Les habitués. Ceux qui se retrouvent toujours au même endroit du quai en attendant le train, ceux qui se retrouvent à deux, trois ou encore plus, dans la même voiture, sur la même banquette et bien sûr à la même heure le matin. Parfois même un ou plusieurs compagnons les rejoignent au fur et à mesure des stations.
Les habitués. Celui qui lit toujours le même journal, celui qui remplit son sempiternel sudoku ou ses mots-croisés. Celui qui se lève deux minutes avant l'arrêt en gare pour être sûr d'être un des premiers à sortir.
Ils sont beaucoup, ils se reconnaissent, parfois se saluent d'un léger signe de tête, souvent avec un regard quasi complice car l'autre habitué connait. Il sait, il respecte les habitudes de l'autre. On pourrait presque parler de solidarité, peut-être celle qui délie les langues pendant les grèves ou lors d'un incident.
C'est une sorte de clan, construit par la force des choses, qui rassure. On n'y entre pas si facilement, il faut du temps, le temps nécessaire pour observer avec quelques craintes le nouveau venu, celui qui peut vous bousculer ou, plus grand malheur encore, bousculer vos chères habitudes. L'habitué, l'élément stable de cette foule transportée, malmenée, dirigée. Ils servent de repères, comme des icônes, on finit par les reconnaitre et lorsque c'est le cas, nous ne sommes pas loin de faire partie de leur clan, du clan, de notre clan. Puis, rite de passage qui ne dit pas son nom, vous devenez un habitué lorsque les autres habitués ne sont plus inquiétés par votre présence. Vous faites partie du sérail, vous êtes passé de l'autre côté. Et bien sûr, vous observez avec méfiance les nouveaux venus …
Le train arrive, il faut que je me dépêche sinon je ne vais pas pouvoir prendre possession de ma place, sur ma banquette — le deuxième en partant du fond, à droite — de la dernière voiture du train de 8h27. Un nouveau-venu serait capable de me la prendre, le goujat !
1 De Guillaume -
je suis entièrement d'accord avec cette analyse des habitués. Je rajouterais juste une petite chose, les habitués ne sont en général pas très gentils, si vous prenez leur place vous vous faites foudroyer du regard ou bien presque agresser verbalement.

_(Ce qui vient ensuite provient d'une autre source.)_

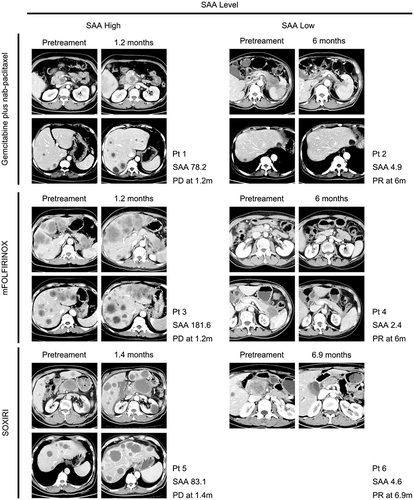 Figure 6 Representative CT images. (Patient 1 #) A patient with SAA of 78.2 mg/L received AG. CT examination before chemotherapy showed that the patient had primary tumor located in the head of the pancreas and multiple metastases in the liver. After 1.2 months of chemotherapy, the size of the pancreatic lesion enlarged, and intrahepatic metastases increased and enlarged. The efficacy was evaluated as PD. (Patient 2 #) A patient with SAA of 4.9 mg/L received AG. CT examination before chemotherapy showed that the patient had primary tumor located in the tail of the pancreas and multiple metastases in the liver. After 6 months of chemotherapy, the size of the pancreatic lesion and intrahepatic metastases were smaller. The efficacy was evaluated as PR. (Patient 3 #) A patient with SAA of 181.6 mg/L received mFOLFIRINOX. CT examination before chemotherapy showed that the patient had primary tumor located in the tail of the pancreas and multiple metastases in the liver. After 1.2 months of chemotherapy, the pancreatic lesions were stable in size, but intrahepatic metastases increased and enlarged. The efficacy was evaluated as PD. (Patient 4 #) A patient with SAA of 2.4 mg/L received mFOLFIRINOX. CT examination before chemotherapy showed that the patient had primary tumor located in the tail of the pancreas and peritoneal metastases. After 6 months of chemotherapy, the size of the pancreatic lesion was smaller and peritoneal metastases were smaller and partially disappeared. The efficacy was evaluated as PR. (Patient 5 #) A patient with SAA of 83.1 mg/L received SOXIRI. CT examination before chemotherapy showed that the patient had primary tumor located in the neck and body of the pancreas and multiple metastases in the liver. After 1.4 months of chemotherapy, the size of the pancreatic lesion enlarged, and intrahepatic metastases increased and enlarged. The efficacy was evaluated as PD. (Patient 6 #) A patient with SAA of 4.6 mg/L received SOXIRI. CT examination before chemotherapy showed that the patient had primary tumor located in the head of the pancreas and intrahepatic metastases. After 6.9 months of chemotherapy, intrahepatic metastases disappeared, the pancreatic lesion was treated with irreversible electroporation.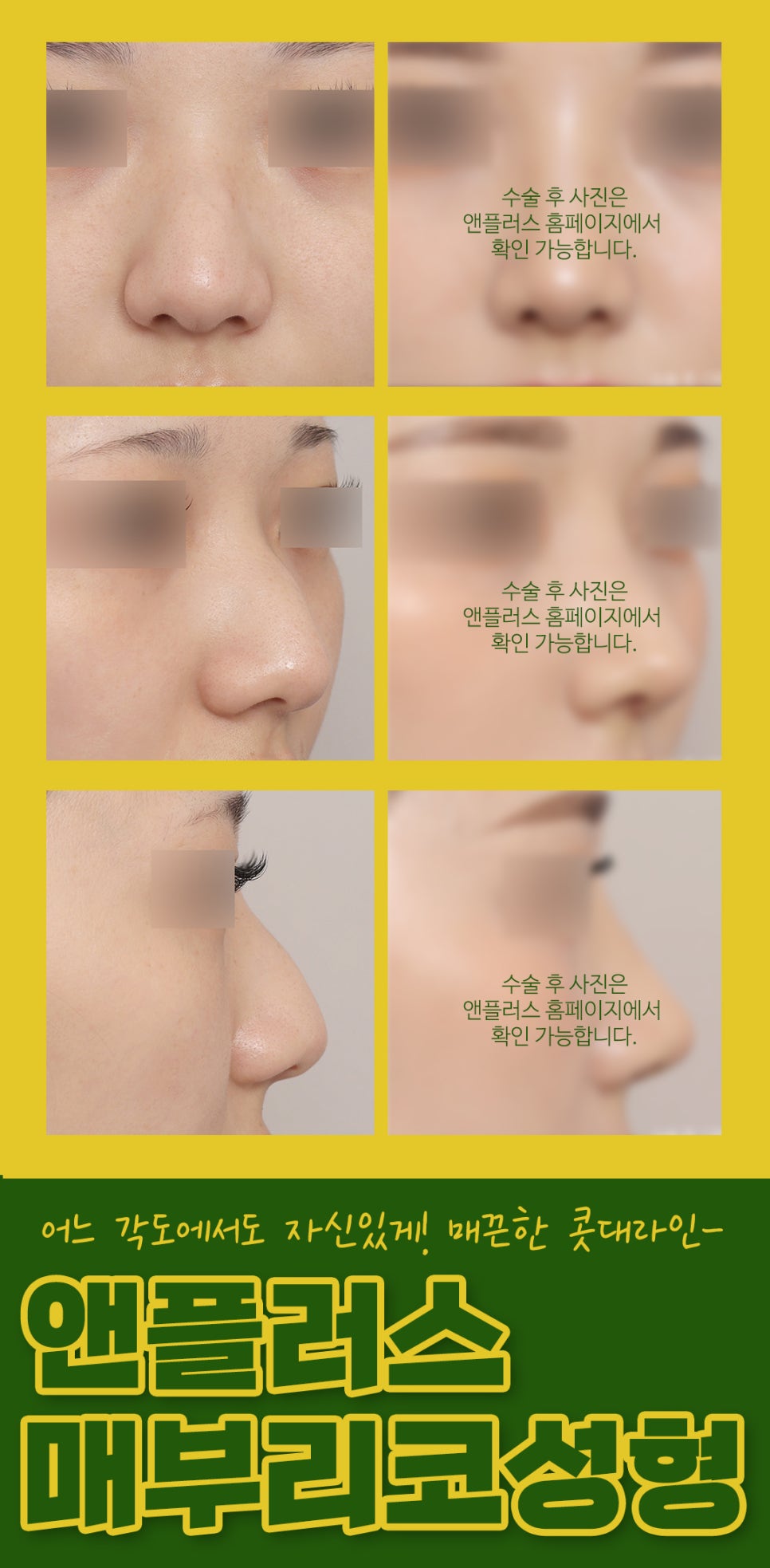 매부리코교정후기_깔끔하게 제거해야 관련 이미지 4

Je me suis fais une fois agressé verbalement par une vielle dame à qui j'avais pris sa place habituelle, je crois que si je ne m'étais pas levé pour changer de place elle en aurais pu venir aux mains !!!
Je modifierai une phrase de ton billet :
> Celui qui se lève deux minutes avant l'arrêt en gare et qui pousse et gène tout le monde pour être celui qui va ouvrir la porte
pourafin être sûr d'être un des premiers à sortir2 De Franck -
Guillaume, visiblement tu as une expérience un peu plus malheureuse que moi des habitués, surement parce que les lignes que je fréquente sont moins chargées — il y a de la place pour s'assoir quasiment partout.
Je n'ai pas observé comme toi de comportement agressif mais il faut peut-être mettre ça sur ma jeunesse (toute relative) en tant qu'usager !
3 De Lipki -
C'est rigolo, je me fessais la réflexion, il n'y a pas longtemps. Je vais au boulot en roller, et je ne croise jamais deux fois la même personne.
Mes habitués a mois, ce sont les SDF qui traine toujours sur le même trottoir le matin, et le résultat est le même.
Avec une différence quand même le bonjour est plus appuyer, vue qu'il demande implicitement quelque pièces.
4 De KaG -
Et les habitués ne se disent pas bonjour ?
(KaG-qui-a-oublié-comment-ça-se-passe-dans-les-grandes-villes)
5 De Franck -
Ben non, ils, nous ne nous disons pas bonjour ;-)
Ceci dit ils ont peut-être un signe de reconnaissance secret connus uniquement par les initiés ! Va savoir, je dois être encore trop novice pour ça …
6 De KaG -
Ici on se dit bonjour... Et, pire, on cause !
7 De Franck -
Quoi ? Tu plaisantes j'espère, quelle horreur : parler à un presque inconnu ! Quel manque d'éducation, de courtoisie, d'élégance …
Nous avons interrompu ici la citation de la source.